Updated WorldCerealInferenceDataset for new files

WorldCereal · Sep 3, 2024 · d7d541e · d7d541e
1 parent 47034ac
commit d7d541e
Showing 1 changed file with 126 additions and 56 deletions.
diff --git a/presto/dataset.py b/presto/dataset.py
@@ -8,10 +8,9 @@
 import geopandas as gpd
 import numpy as np
 import pandas as pd
-import rioxarray
 import xarray as xr
-from einops import rearrange, repeat
-from pyproj import Transformer
+from einops import rearrange
+from pyproj import CRS, Transformer
 from sklearn.utils.class_weight import compute_class_weight
 from torch.utils.data import Dataset
 
@@ -369,22 +368,6 @@ def __getitem__(self, idx):
 class WorldCerealInferenceDataset(Dataset):
     _NODATAVALUE = 65535
     Y = "worldcereal_cropland"
-    BAND_MAPPING = {
-        "B02": "B2",
-        "B03": "B3",
-        "B04": "B4",
-        "B05": "B5",
-        "B06": "B6",
-        "B07": "B7",
-        "B08": "B8",
-        # B8A is missing
-        "B11": "B11",
-        "B12": "B12",
-        "VH": "VH",
-        "VV": "VV",
-        "precipitation-flux": "total_precipitation",
-        "temperature-mean": "temperature_2m",
-    }
 
     def __init__(self, path_to_files: Path = data_dir / "inference_areas"):
         self.path_to_files = path_to_files
@@ -394,49 +377,136 @@ def __len__(self):
         return len(self.all_files)
 
     @classmethod
-    def nc_to_arrays(
-        cls, filepath: Path
-    ) -> Tuple[np.ndarray, np.ndarray, np.ndarray, np.ndarray, np.ndarray]:
-        ds = cast(xr.Dataset, rioxarray.open_rasterio(filepath, decode_times=False))
-        epsg_coords = ds.rio.crs.to_epsg()
-
-        num_instances = len(ds.x) * len(ds.y)
-        num_timesteps = len(ds.t)
-        eo_data = np.zeros((num_instances, num_timesteps, len(BANDS)))
-        mask = np.zeros((num_instances, num_timesteps, len(BANDS_GROUPS_IDX)))
-        # for now, B8A is missing
-        mask[:, :, IDX_TO_BAND_GROUPS["B8A"]] = 1
-
-        for org_band, presto_val in cls.BAND_MAPPING.items():
-            # flatten the values
-            values = np.swapaxes(ds[org_band].values.reshape((num_timesteps, -1)), 0, 1)

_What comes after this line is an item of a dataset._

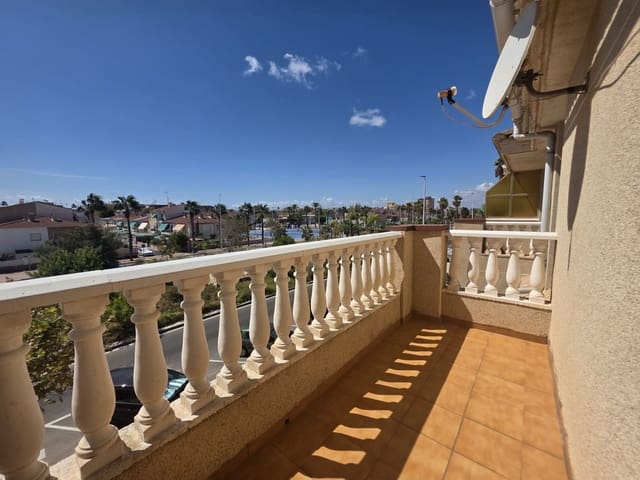 3 sovrum Lägenhet att hyra i Santa Pola - 800 € (Ref: 9966225)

-            idx_valid = values != cls._NODATAVALUE
+    def _extract_eo_data(cls, inarr: xr.DataArray) -> Tuple[np.ndarray, np.ndarray]:
+        """
+        Extracts EO data and mask arrays from the input xarray.DataArray.
+
+        Args:
+            inarr (xr.DataArray): Input xarray.DataArray containing EO data.
+
+        Returns:
+            Tuple[np.ndarray, np.ndarray]: Tuple containing EO data array and mask array.
+        """
+        num_pixels = len(inarr.x) * len(inarr.y)
+
+        # Use valid_time attribute to extract the right part of the time series
+        valid_time = pd.to_datetime(inarr.attrs["valid_time"]).replace(day=1)
+        end_time = valid_time + pd.DateOffset(months=5)

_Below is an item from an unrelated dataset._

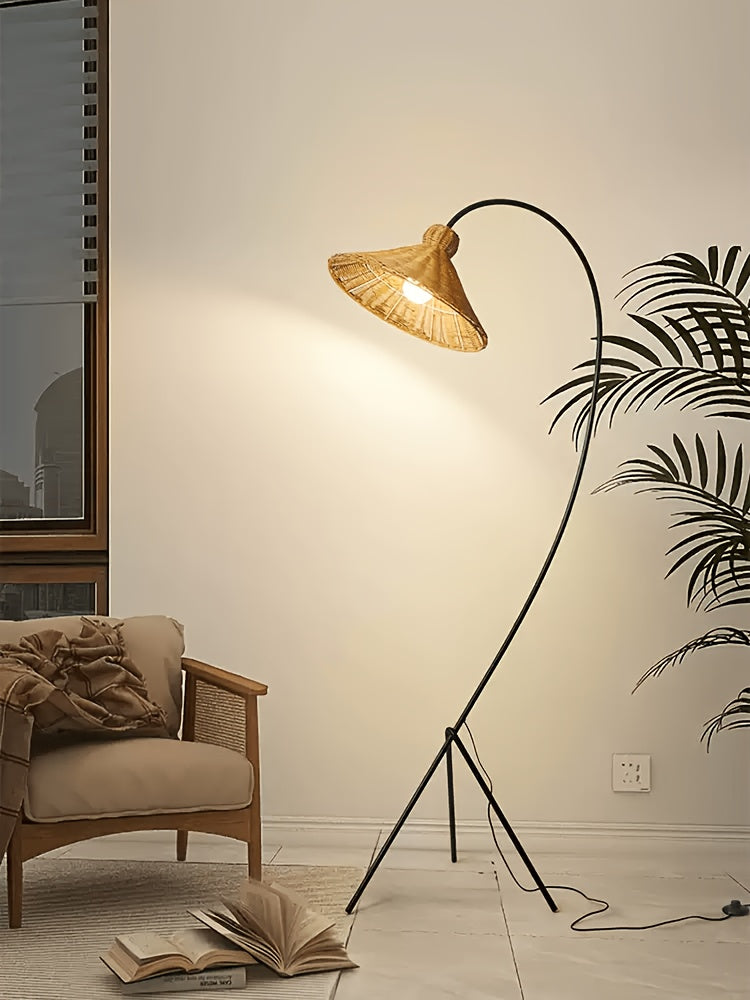 Lampadaire arc en rotin, abat-jour conique sur trépied noir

+        start_time = valid_time - pd.DateOffset(months=6)
+        inarr = inarr.sel(t=slice(start_time, end_time))
+        num_timesteps = len(inarr.t)
+        assert num_timesteps == 12, "Expected 12 timesteps, only found {}".format(num_timesteps)
+
+        # Handle NaN values in Presto compatible way
+        inarr = inarr.astype(np.float32)
+        inarr = inarr.fillna(65535)
+
+        eo_data = np.zeros((num_pixels, num_timesteps, len(BANDS)))
+        mask = np.zeros((num_pixels, num_timesteps, len(BANDS_GROUPS_IDX)))
+
+        for presto_band in NORMED_BANDS:
+            if presto_band in inarr.coords["bands"]:
+                values = np.swapaxes(
+                    inarr.sel(bands=presto_band).values.reshape((num_timesteps, -1)),
+                    0,
+                    1,
+                )
+                idx_valid = values != cls._NODATAVALUE
+                values = cls._preprocess_band_values(values, presto_band)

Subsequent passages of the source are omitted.